There are benefits to wrapping the header pipe, but one of my worries with wraps is mainly with 'plain carbon steels' which can actually suffer from thermal fatigue, temper embrittlement, and accelerated corrosion. Thermal fatigue is just the process of cyclic heating and cooling. This is common to all exhaust systems, but the thermal wrap exaggerates the problem because the temperature that the exhaust material is subjected to is higher than it would be without the wrap and 'some' materials will be more subject to this than others. The heat that is normally dissipated throughout the engine compartment is held in the exhaust, causing it to be heated to temperatures where corrosion is accelerated, and thermal fatigue is greater due to larger gradients in the heating/cooling cycle. Holding carbon steels in temperature ranges which can be sufficient to cause a phase change in the steel causes temper embrittlement (AKA re-crystallization) and causes normally ductile steels to become brittle and fail in a brittle manner. The end result is a combination of these phenomena, which results in brittle cracked parts with high levels of corrosion. Imagine how you'd feel wearing a full length coat in the heat of an Arizona/Nevada summer! In short, the heat wrap will keep the heat off your leg, but possibly at the cost of shortened life on 'some' materials. I'd also like to point out that its not uncommon for dealers or exhaust manufacturers of automobiles (JB Headers, Thorley, Gibson, Crower, Rodworks, Edelbrock, etc) to void your warranty if your headers are wrapped and that's something else you may want to consider in addition to any benefits, but a header pipe for our bikes is cheap and simple to replace compared to other applications. I don't know the official position of any motorcycle pipe manufacturers, but I'm sure some will take a dim view of this when it comes to any warranty issues. Just more food for thought, but also take a look at coatings cause they also offer benefits and generally look nicer, but they are also more expensive as well.

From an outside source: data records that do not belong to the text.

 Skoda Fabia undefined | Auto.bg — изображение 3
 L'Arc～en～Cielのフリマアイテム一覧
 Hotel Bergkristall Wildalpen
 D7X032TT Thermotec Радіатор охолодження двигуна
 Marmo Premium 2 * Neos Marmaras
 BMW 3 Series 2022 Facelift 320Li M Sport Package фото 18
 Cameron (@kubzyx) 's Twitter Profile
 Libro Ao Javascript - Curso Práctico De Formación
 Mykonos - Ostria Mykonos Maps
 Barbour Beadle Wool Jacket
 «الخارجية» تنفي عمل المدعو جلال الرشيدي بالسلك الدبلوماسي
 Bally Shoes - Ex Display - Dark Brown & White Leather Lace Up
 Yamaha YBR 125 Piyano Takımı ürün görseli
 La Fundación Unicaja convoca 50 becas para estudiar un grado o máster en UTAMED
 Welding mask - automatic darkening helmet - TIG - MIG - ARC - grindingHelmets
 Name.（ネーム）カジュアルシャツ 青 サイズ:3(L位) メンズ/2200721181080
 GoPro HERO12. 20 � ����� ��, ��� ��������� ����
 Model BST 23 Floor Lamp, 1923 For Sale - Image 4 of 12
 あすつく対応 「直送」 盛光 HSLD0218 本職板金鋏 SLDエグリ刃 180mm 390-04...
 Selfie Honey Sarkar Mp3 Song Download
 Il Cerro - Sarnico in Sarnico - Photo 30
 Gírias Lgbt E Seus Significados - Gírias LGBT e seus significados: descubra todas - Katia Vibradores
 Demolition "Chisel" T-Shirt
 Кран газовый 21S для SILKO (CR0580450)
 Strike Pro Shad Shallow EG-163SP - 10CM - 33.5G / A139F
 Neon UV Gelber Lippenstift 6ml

My 02 CRF has been wrapped since I bought it in nov 01 ,Had no problems keeping the heat in helped the low end the 02 had problems with low end also you don't get the dings from rocks hitting the cherry red hot pipe.scott summers at summers racing is where mine came from was like 25 bucks, you soak it in water then wrap the pipe, start it and cook it the remove the pipe again and paint the wrap with heat paint to seal it then fire it up again and cook it again the your done.